Oliva Étterem & Pizzeria
Address: Lázár utca 1., district V.
Open: Mon-Sun: 12.00-24.00
A friendly, Mediterranean-style place in a small street behind the Basilica. There’s a daily menu (soup + main dish) for 1 280 HUF. The menu offers an ample choice of pastas, pizzas and salads.
Faszaládé – Grilled Sausages, Quality Street Food
Address: Október 6. utca 9., district V.
Open: Mon-Wed: 9.00-23.00, Thurs-Sat: 9.00-24.00, Sun: 9.00-23.00
Tasty street food places are opening in the Hungarian capital at a fast rate. The latest one is Faszaládé (a pun on the Hungarian word szafaládé: a kind of sausage similar to saveloy).
Besides uniquely seasoned sausages (pork with pistachio, lemon pork), daily soup is also offered (790 HUF).
Első Pesti Rétesház (First Strudel House of Pest)
Address: Október 6. utca 22., district V.
Open: everyday 9.00-23.00 (closed on 24th-25th December)
Besides tasting a variety of strudel pastries (with cottage cheese, fruit, ground poppy seed or cabbage filling, price: 360 HUF), you can have lunch or dine at the Rétesház.
They have a 3-course daily menu for 1 550 HUF (available from 12.00 till 14.00).
You can of course dine a la carte, sampling the menu that includes Hungarian as well as international dishes.
The terrace is a nice spot to watch life going on the busy Október 6. Street.
Don’t miss the strudels, a unique Hungarian delicacy both in sweet and savory variations.
The sprawling plaza in at the foot of the Basilica gives home to several events each year including the JuniBor Wine Festival in August, the Sweet Days Festival in September and the Advent Festival & Fair starting at end of November.

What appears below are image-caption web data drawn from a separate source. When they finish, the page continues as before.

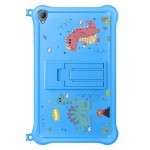 Blackview Tab 50 Kids WiFi 3GB/64GB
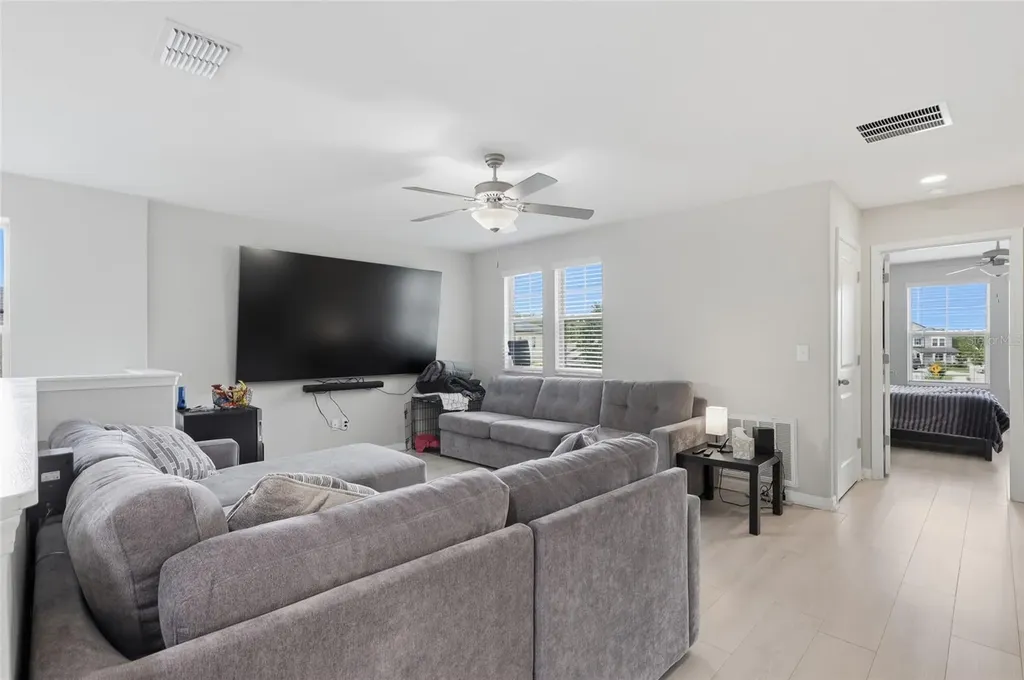 8882 Flourish Drive Land O Lakes FL 34637
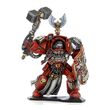 Space Hulk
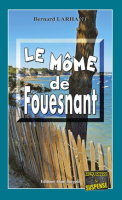 Le_Mme_de_Fouesnant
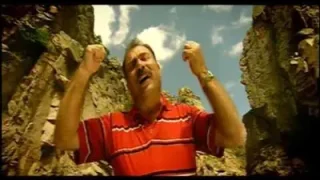 Mustafa Küçük Duymamış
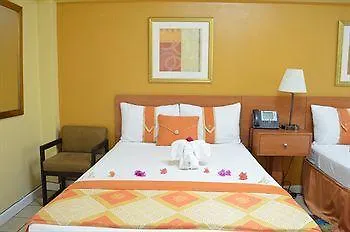 Suites Ocho Rios 3*,  Jamaica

TIP: Advent Festival & Fair on Szt. István Square, 25. November- 2016 – 02. January 2017
Opening Hours: Mon-Thurs: 11:30 – 20:00, Fri: 11:30 – 22:00, Sat: 10:00 – 22:00, Sun: 10:00 – 20:00, December 24.: 10:00 – 14:00, December 25. & 26.: closed, December 31.: 10:00 – 22:00
The religious venue, the tall Christmas tree, the giant Advent wreath and a ice skating rink (free for children under 14) lend an enchanting atmosphere to the city’s 2nd biggest season event, the biggest being the Christmas Fair & Winter Festival at Vörösmarty Sqr.
Light mapping show, a varied program offer, lots of local food and drinks make this a must-see program in the festive season.